La vacancia de Boluarte prometía un respiro, pero llegó más caos

La vacancia de Dina Boluarte prometía un respiro, pero lo que llegó fue humo. Humo de gases lacrimógenos, humo de neumáticos ardiendo, humo de un país que sigue en combustión. La primera gran protesta contra José Jerí y el Congreso terminó con una cifra que ya es parte de la rutina nacional: heridos, detenidos y un muerto. El Perú volvió a hablar donde sus gobernantes siguen callando.

Miles de ciudadanos tomaron las calles de Lima con una consigna que lo resume todo: que se vayan todos. Lo que comenzó como una manifestación pacífica, con jóvenes, trabajadores y colectivos universitarios marchando por la avenida Abancay, terminó convertida en otro episodio de violencia institucional y descontrol social. Las bombas molotov se enfrentaron a las bombas lacrimógenas, las arengas se cruzaron con disparos de goma, y la noche terminó con un nombre más en la lista de víctimas: Eduardo Ruiz, un músico de 32 años que salió a protestar y no volvió.

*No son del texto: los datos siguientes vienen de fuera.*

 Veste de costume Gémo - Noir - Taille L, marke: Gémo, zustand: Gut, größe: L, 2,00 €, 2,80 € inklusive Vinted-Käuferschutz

Las imágenes son el retrato del fracaso político peruano. La caída de Boluarte no detuvo la crisis; la trasladó. El gobierno interino de José Jerí, sin liderazgo ni respaldo popular, se ha limitado a reaccionar con el mismo libreto: represión, discursos y condolencias. Su tuit lamentando la muerte de un joven es una postal de la desconexión del poder: frases de luto escritas desde un helicóptero que sobrevolaba la protesta. Un país fracturado no necesita altura, necesita tierra firme.

El Congreso, por su parte, asiste a la crisis como si no fuera parte del problema. Su desaprobación es casi total, pero sus bancadas operan con la tranquilidad de quien se sabe blindado por la aritmética parlamentaria. Mientras la calle grita por seguridad y justicia, el Parlamento discute alianzas y presidencias de comisión. La gente protesta por sobrevivir; los políticos, por conservar privilegios.

En Lima, la Plaza San Martín volvió a ser escenario del hartazgo: sindicatos, universitarios, artistas y ciudadanos comunes mezclados en un mismo clamor. No hay ideología uniforme, pero sí una certeza compartida: nada ha cambiado. El país se repite en un bucle de inestabilidad donde cada presidente promete “unidad” mientras prepara su salida. José Jerí es, hasta ahora, un presidente de transición sin tránsito, un jefe de Estado sin Estado.

La violencia no es un accidente: es el síntoma de un sistema que ya no administra ni la esperanza. Cada enfrentamiento revela que la distancia entre el poder y la ciudadanía ya no se mide en metros, sino en mundos. El Ejecutivo y el Congreso gobiernan de espaldas a un país que vive en emergencia diaria: criminalidad desbordada, corrupción enquistada, y una población que ya no cree en nada.

La Caja Negra condena toda forma de violencia, venga de donde venga. Pero el verdadero crimen político es la indiferencia. El gobierno de José Jerí debe dejar de actuar como un comité de crisis y asumir que sin justicia, sin seguridad y sin transparencia, su permanencia será insostenible. El Congreso, cómplice por omisión, debe abandonar su pacto de autoprotección y responder al país con reformas, no con votos de censura oportunistas.

Hoy el Perú no arde por ideología, sino por agotamiento. No es la izquierda ni la derecha: es el cansancio de un pueblo que ya no distingue entre promesa y estafa. Si Jerí y el Congreso no entienden que la autoridad se gana gobernando, no reprimiendo, el humo de estas marchas será apenas el preludio de un incendio mayor.